GOAL OF THE EXERCISE — Below is a listing; restate from it, character for character, the lines beginning at the line holding "সড়কের পাশে পড়ে ছিল যুবকের গলাকাটা মরদেহ" and ending at the line holding "514 American Beech", both included.

STUDY MATERIAL —

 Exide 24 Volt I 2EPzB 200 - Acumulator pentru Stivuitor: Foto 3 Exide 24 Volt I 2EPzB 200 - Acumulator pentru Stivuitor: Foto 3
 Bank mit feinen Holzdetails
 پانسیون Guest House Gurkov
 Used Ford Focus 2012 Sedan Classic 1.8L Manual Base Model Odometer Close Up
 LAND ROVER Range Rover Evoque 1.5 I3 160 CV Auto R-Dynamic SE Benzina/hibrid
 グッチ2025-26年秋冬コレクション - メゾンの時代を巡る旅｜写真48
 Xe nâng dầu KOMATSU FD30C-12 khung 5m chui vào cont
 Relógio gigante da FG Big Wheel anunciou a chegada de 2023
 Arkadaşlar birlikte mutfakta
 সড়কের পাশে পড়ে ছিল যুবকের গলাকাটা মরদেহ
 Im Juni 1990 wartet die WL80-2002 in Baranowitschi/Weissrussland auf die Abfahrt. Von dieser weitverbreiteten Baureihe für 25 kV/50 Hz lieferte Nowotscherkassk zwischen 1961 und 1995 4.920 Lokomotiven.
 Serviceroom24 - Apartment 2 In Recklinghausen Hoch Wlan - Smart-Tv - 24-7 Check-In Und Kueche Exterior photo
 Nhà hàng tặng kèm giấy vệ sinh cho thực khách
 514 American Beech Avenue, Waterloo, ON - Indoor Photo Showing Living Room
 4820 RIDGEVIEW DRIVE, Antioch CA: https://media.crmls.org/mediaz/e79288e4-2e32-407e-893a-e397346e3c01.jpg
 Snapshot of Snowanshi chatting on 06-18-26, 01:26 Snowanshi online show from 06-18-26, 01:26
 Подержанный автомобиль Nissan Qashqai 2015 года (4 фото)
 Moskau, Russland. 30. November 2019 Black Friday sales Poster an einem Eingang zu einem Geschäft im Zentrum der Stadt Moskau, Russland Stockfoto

EXERCISE OUTPUT —
 সড়কের পাশে পড়ে ছিল যুবকের গলাকাটা মরদেহ
 Im Juni 1990 wartet die WL80-2002 in Baranowitschi/Weissrussland auf die Abfahrt. Von dieser weitverbreiteten Baureihe für 25 kV/50 Hz lieferte Nowotscherkassk zwischen 1961 und 1995 4.920 Lokomotiven.
 Serviceroom24 - Apartment 2 In Recklinghausen Hoch Wlan - Smart-Tv - 24-7 Check-In Und Kueche Exterior photo
 Nhà hàng tặng kèm giấy vệ sinh cho thực khách
 514 American Beech Avenue, Waterloo, ON - Indoor Photo Showing Living Room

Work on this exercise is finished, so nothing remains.